# Newbie needing feeding advice for possibly underfed does



## Jster (Sep 20, 2009)

We got two very sweet does about a week ago.  They are six months old.  According to their chest measurement, they're about sixty pounds, but they seem to be somewhat lean condition from what I've been reading.  According to their previous owners, they were kept with chickens.  Their food was not measured but just thrown on the ground and they had to get it before the chickens did.  They had eaten anything edible in the yard so did not get to forage.  I asked after we got them about hay, because I realized they hadn't mentioned it.  We have some coastal hay from our own chickens nest boxes, but I realized they may not have been getting any.  She said they had given them hay but that the goats hadn't been interested.  Oh, and they fed them a mix of goat chow and oats, with much more oats than chow.  And they had not trimmed their hooves at all in the four months they had them, so the goats definitely need some attention and I don't think these owners really put much effort into learning how to care for them.

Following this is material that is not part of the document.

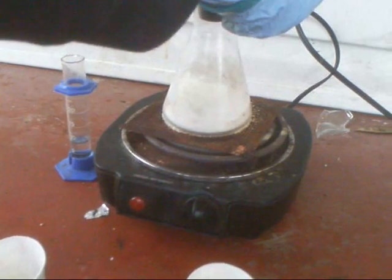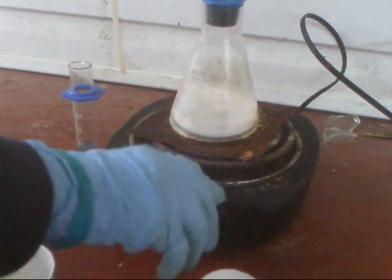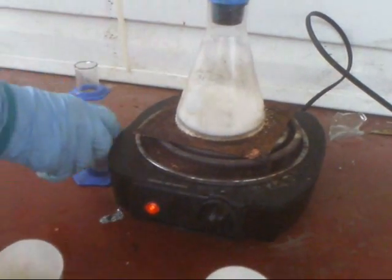Turn the hot plate on medium. I wouldn't recommend hot because it'll over-bubble and it'll spew everywhere.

Here's some pictures of our beautiful and sweet girls for your evaluation:












So, my questions are:

Do you think the girls are underweight?
What is the best way to help them get to a healthy weight?
I know not to change their diet quickly, but how slowly can I get them off this oat/chow mix into something better?
How much should I feed them every day...they act starving!  (Oh, and they have plenty of lush pasture, an acre fenced that they live in and more when they are in the rest of the yard with us.)

Thanks in advance!


----------



## ksalvagno (Sep 20, 2009)

They do look a bit underweight.

I would suggest getting some good quality alfalfa or grass/alfalfa mix hay and give it to them free choice. Also get a good goat feed and feed them what the instructions say on the bag.

I would also suggest taking a fecal sample into the vet and have them run a test for worms including a test run for coccidia. Then once you get the fecal results, worm appropriately.

Have the girls been properly vaccinated? If they haven't, they also need to be vaccinated.

To put weight on, you don't need to give them extra grain. The hay will actually put the weight on them better than the grain. Plus if they end up being wormy, getting the parasites taken care of will do wonders.

Congratulations on your new goats. They are adorable!


----------



## ksalvagno (Sep 20, 2009)

I just noticed that you want to know how fast to change them over to new feed. I'm not really sure with goats but what I do with alpacas is to start with a quarter of the new feed with 3/4 of the old feed, feed it to them for a few days. Then I mix half and half, feed it to them for a few days. Then 3/4 new stuff and 1/4 old stuff and feed it to them for a few days. Then full new feed. I probably do it in about a 2 week timeframe. Hopefully someone with more goat experience can give you a better answer on that one.


----------



## freemotion (Sep 20, 2009)

They are adorable!  A little on the thin side, but not to worry.  With the great pasture and the care just mentioned, they will catch up pretty quickly.  I change feed at about the rate just mentioned.  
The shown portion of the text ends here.